Last year, Russian films accounted for 28 billion rubles of total box office receipts.

Mosfilm survived both the Soviet communist era, when films were subject to strict censorship, and the severe economic downturn that followed the collapse of the USSR in 1991.

The studio only makes a fraction of Russian films, but it remains a force, boasting impressive sets, state-of-the-art recording and editing studios, computer-generated imagery (CGI) facilities, and a large cinema complex.

“Mosfilm” is not inferior to any studio in the world, and even surpasses many of them,” says 71-year-old Karen Shahnazarov, who is also a film director.
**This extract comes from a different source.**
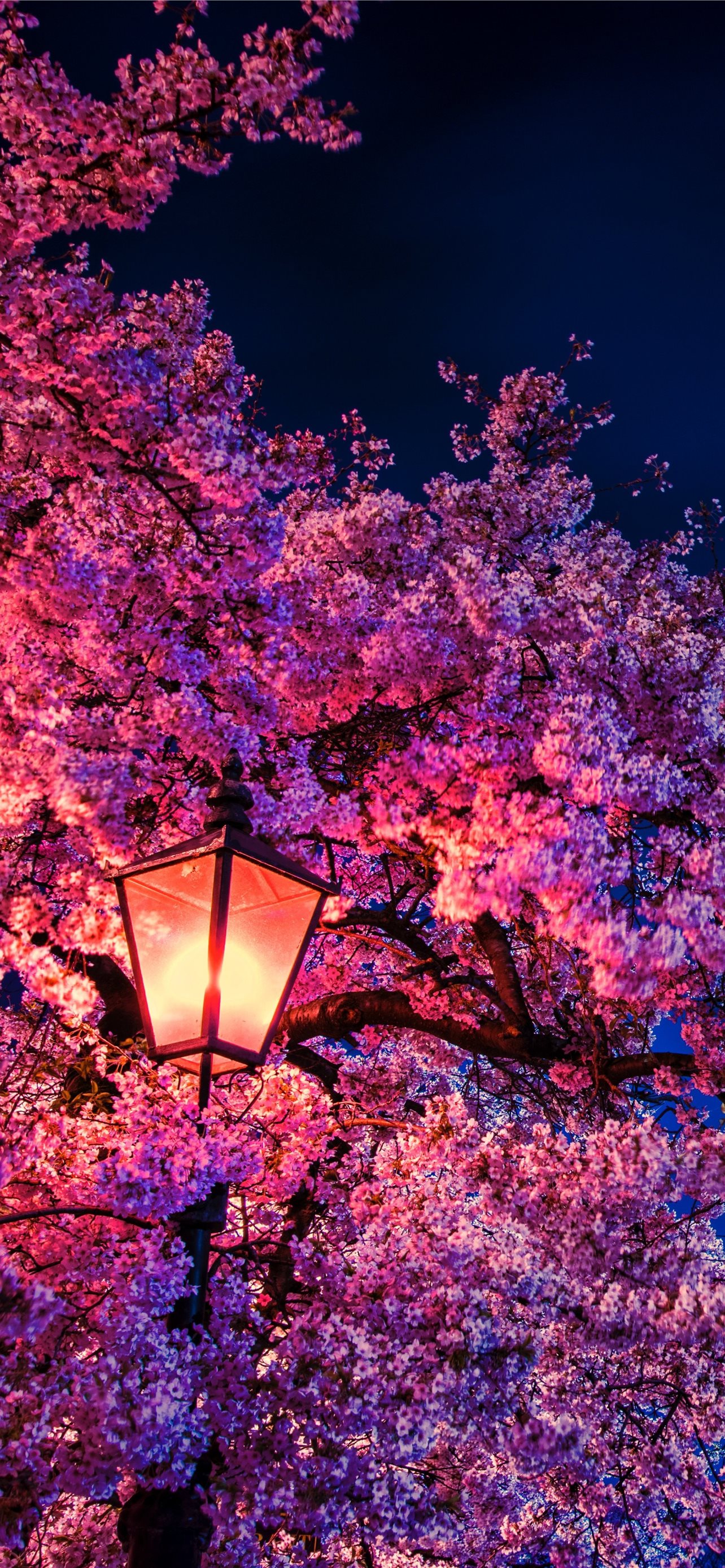 Cherry Blossom iPhone Wallpapers Wallpaper Cave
He adds that he is proud of the studio as it approaches its 100th anniversary.

State television channel Rossiya 1 aired a gala on January 20 paying tribute to leading figures from the past, including Sergei Eisenstein, who directed and co-wrote the 1925 film Battleship Potemkin.
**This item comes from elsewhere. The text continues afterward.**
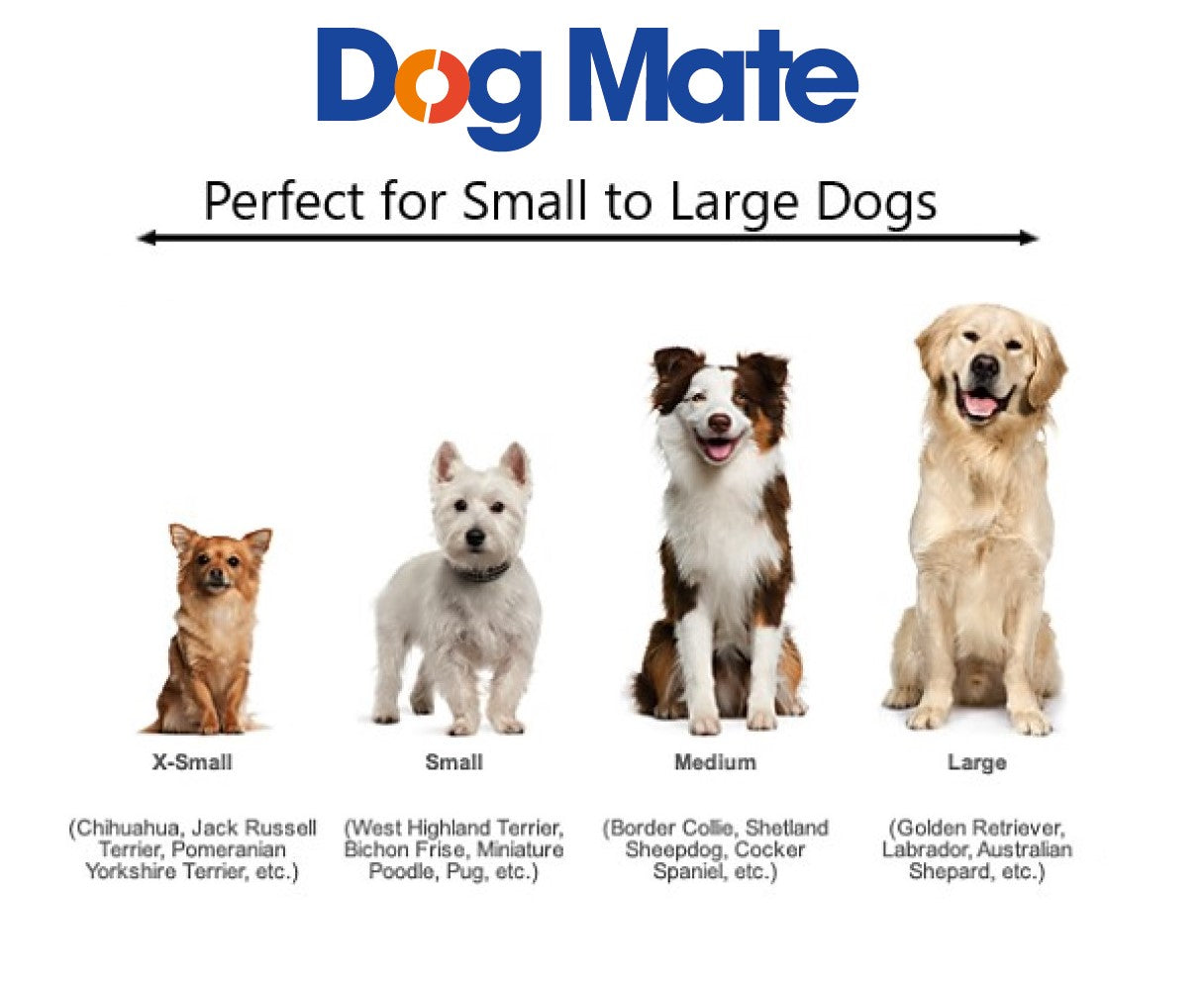 Dog Mate Large Dog Door with Locking Security Panel - White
Other films produced by Mosfilm include Andrei Tarkovsky’s 1972 film Solaris.

According to the director general, war films are more popular than any other genre in Russia and beyond – something that surprises him.

Many of Mosfilm’s most successful productions take place during times of war and turmoil. “All our greatest hits, both Soviet and Russian, have far fewer viewers than our war films,” says Karen Shahnazarov.